-- Instructions for the task --
Only one stretch of the material below is wanted: everything from the line containing "Die glückliche Köchin" down to the line containing "Man in a black", both ends included. Repeat it exactly and skip the pictures.

-- Material for the task --
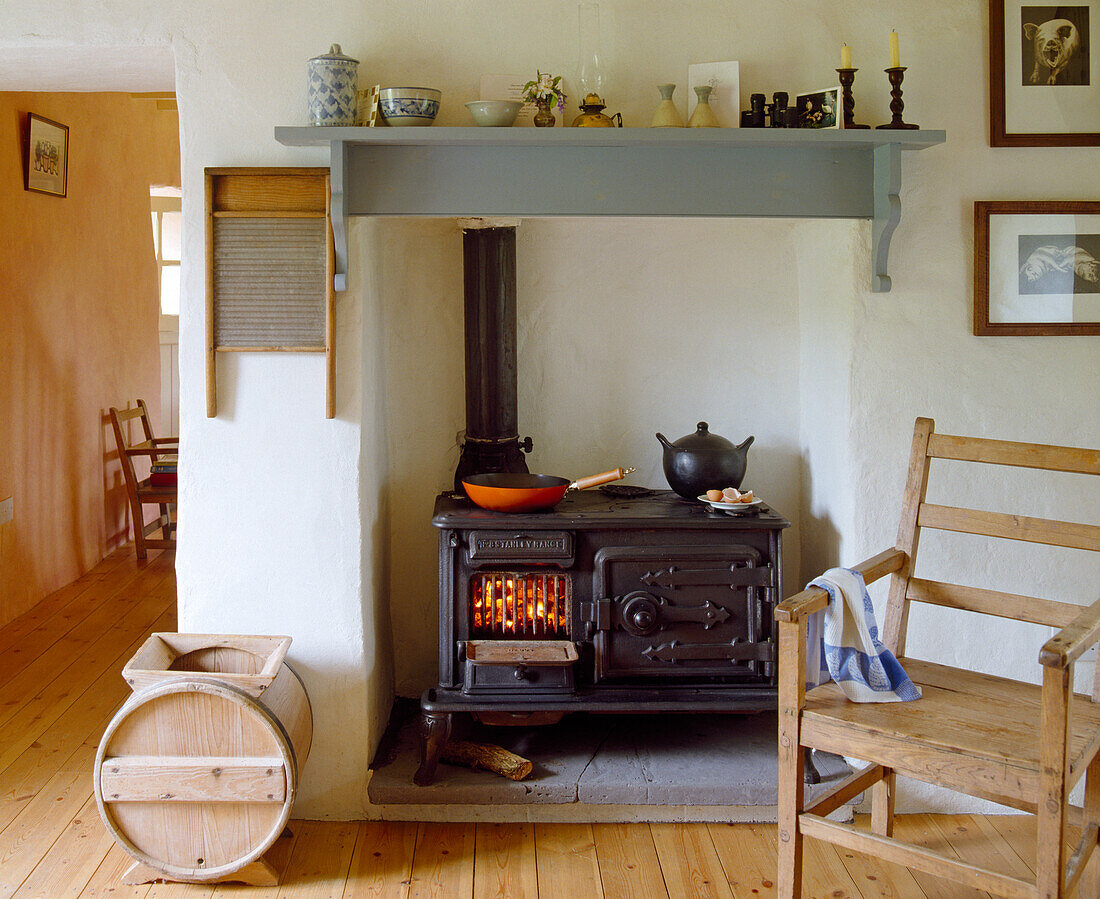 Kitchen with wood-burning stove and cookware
==
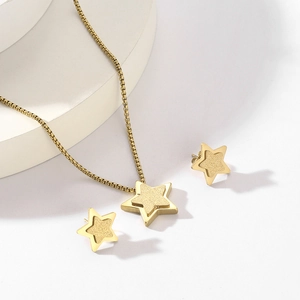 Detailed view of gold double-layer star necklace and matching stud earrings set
* * *
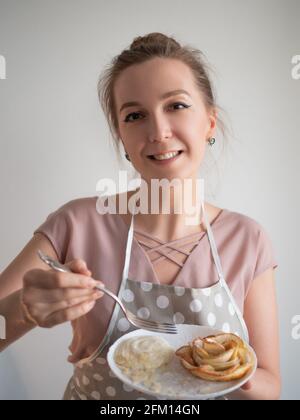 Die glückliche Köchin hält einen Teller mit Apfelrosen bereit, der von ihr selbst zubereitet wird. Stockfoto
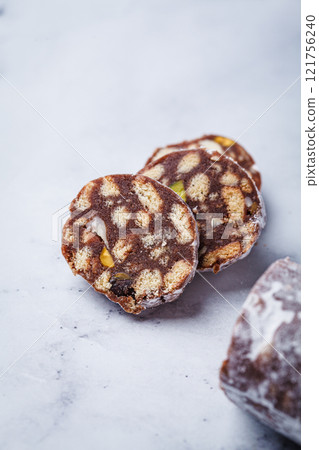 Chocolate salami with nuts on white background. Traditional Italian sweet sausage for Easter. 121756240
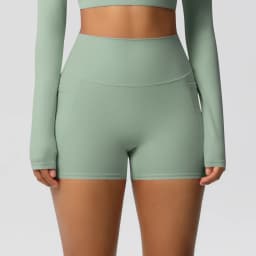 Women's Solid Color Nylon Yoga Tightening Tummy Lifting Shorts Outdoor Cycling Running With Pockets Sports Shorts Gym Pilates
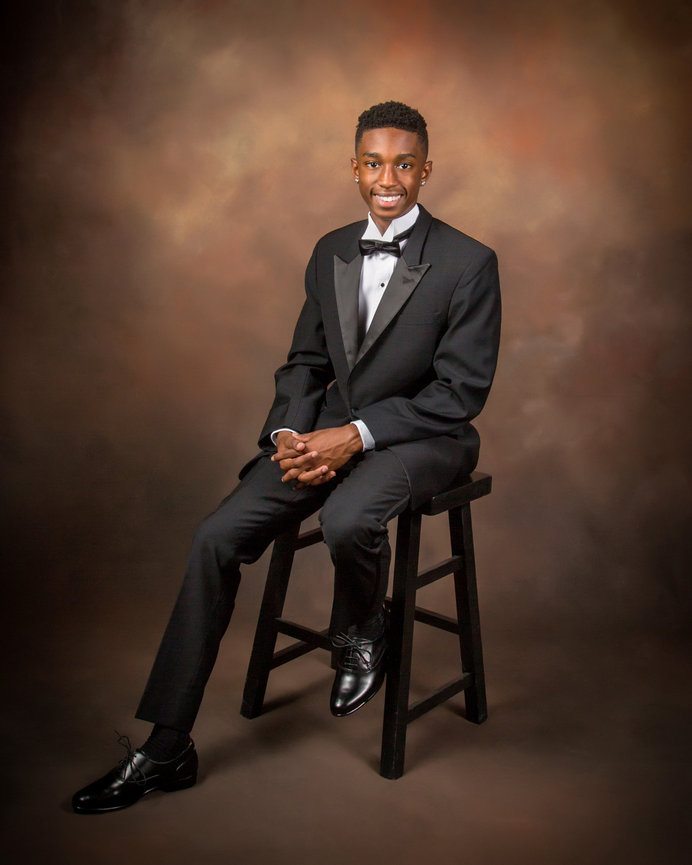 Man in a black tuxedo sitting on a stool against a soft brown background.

-- Solution to the problem --
 Die glückliche Köchin hält einen Teller mit Apfelrosen bereit, der von ihr selbst zubereitet wird. Stockfoto
 Chocolate salami with nuts on white background. Traditional Italian sweet sausage for Easter. 121756240
 Women's Solid Color Nylon Yoga Tightening Tummy Lifting Shorts Outdoor Cycling Running With Pockets Sports Shorts Gym Pilates
 Man in a black tuxedo sitting on a stool against a soft brown background.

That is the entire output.